Ecco il verseggiare di Sibilla che non deve e non può cadere nel prosastico perché se così fosse svanirebbe tutta quella ebbrezza che custodisce il mistero di una sola parola. Aveva ragione Cardarelli quando in una lettera del maggio 1915 le aveva scritto : “…pensa che tu sei esalazione assoluta e che non puoi permetterti composizioni, per così dire, strofiche. Allora cadi nel vieto e nel falso…”. Eh si perché la rarefazione della parola trova nella esalazione il maggiore accento di quel rapporto tra arte e vita. Ciò le permette di non scivolare nella retorica perché la retorica appunto uccide la poesia.

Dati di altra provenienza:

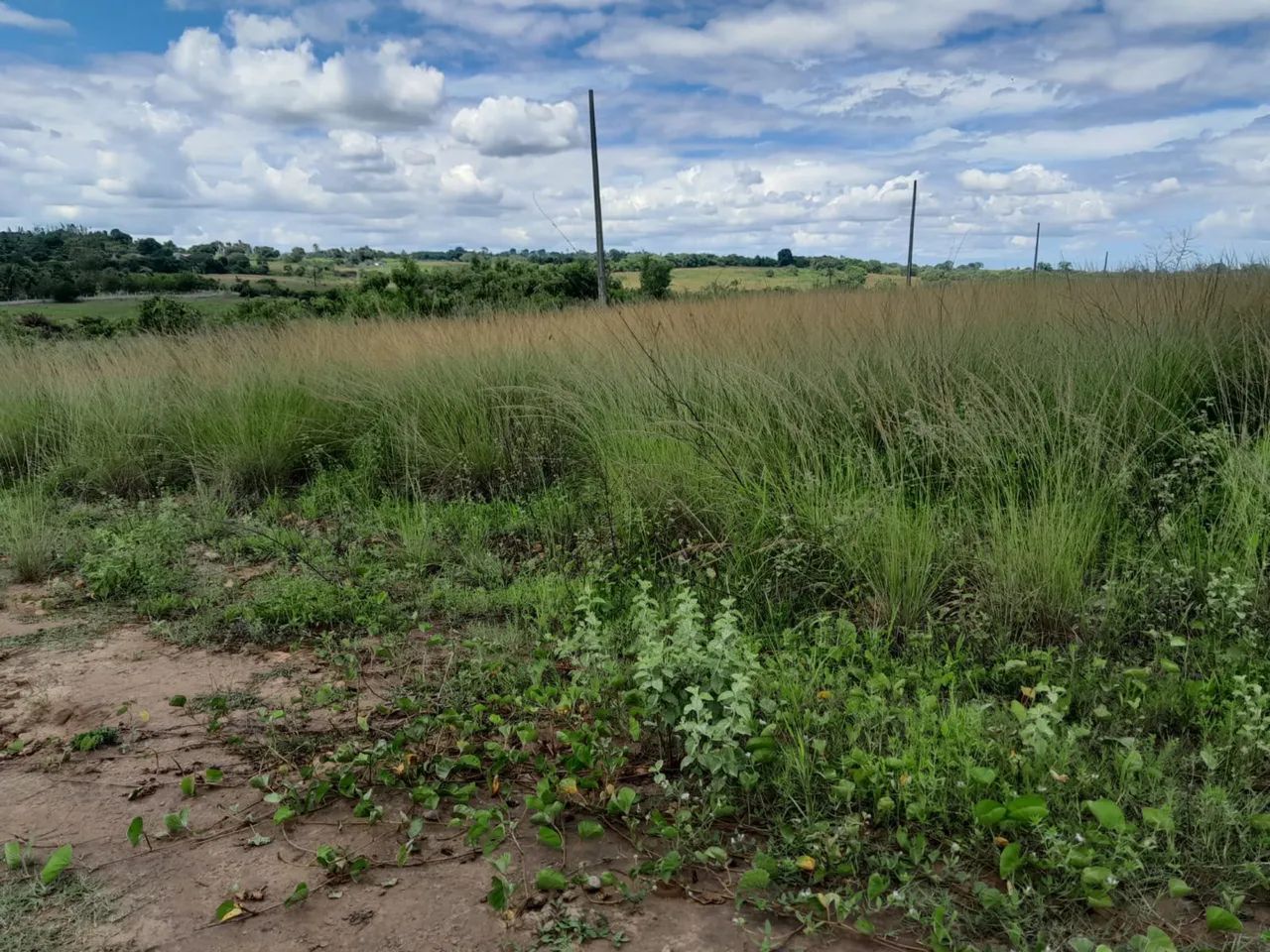 Venda - Foto 4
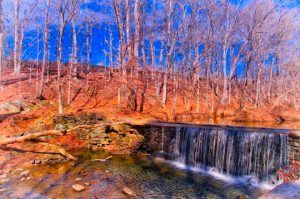 Read more about the article Photo of the Week: February Falls
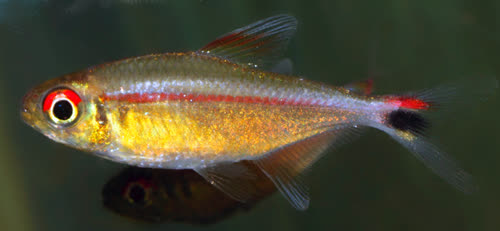 rubrostriatus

Bisogna parlare nel caso di Aleramo di bellezza inquietudine soprattutto quando si focalizza l’attenzione sulla poesia. Si ascolta: “…tu mio bene segreto, tu che mio non sei,/ tu alto sovra quanto amai,alto amore,/ e dal ungi il tuo sorriso di carità dolce/ vita e morte ugualmente mi illumina,/ colme e preziose di pianto e gloria”.
I suoi versi come i suoi amori. I suoi amori come i suoi versi. Da una lettera della Aleramo a Dino Campana : “ I nostri corpi sulle zolle dure, le spighe che frusciano sopra la fronte, mentre le stelle incupiscono il cielo” (risalente al 6-7 agosto 1916). Una donna immensa in una poesia ritagliata tra le pieghe della sua vita e degli amori. Amata e amante di Vincenzo Cardarelli, Giovanni Papini, Jullius Evola, Franco Matacotta. Dove finisce allora il tempo della parola e dove inizia il tempo della vita? Forse la certezza del dubbio infervora i cuori e lascia tutto sospeso come quel finale del suo romanzo Una donna, che sottolinea : “O io forse non sarò più…non potrò più raccontargli la mia vita, la storia della mia anima…e dirgli che lo ho atteso per tanto tempo?/ ed è per questo che scrissi. Le mie parole lo raggiungeranno”. Ma il suo pensare nella vita stava nella bellezza maledetta della vita stessa tanto che aveva posto come paesaggio questo inciso: “Io sono certa di vivere come devo. Questa certezza mi fa superiore alla maggioranza, ed e’ [una certezza] costante”.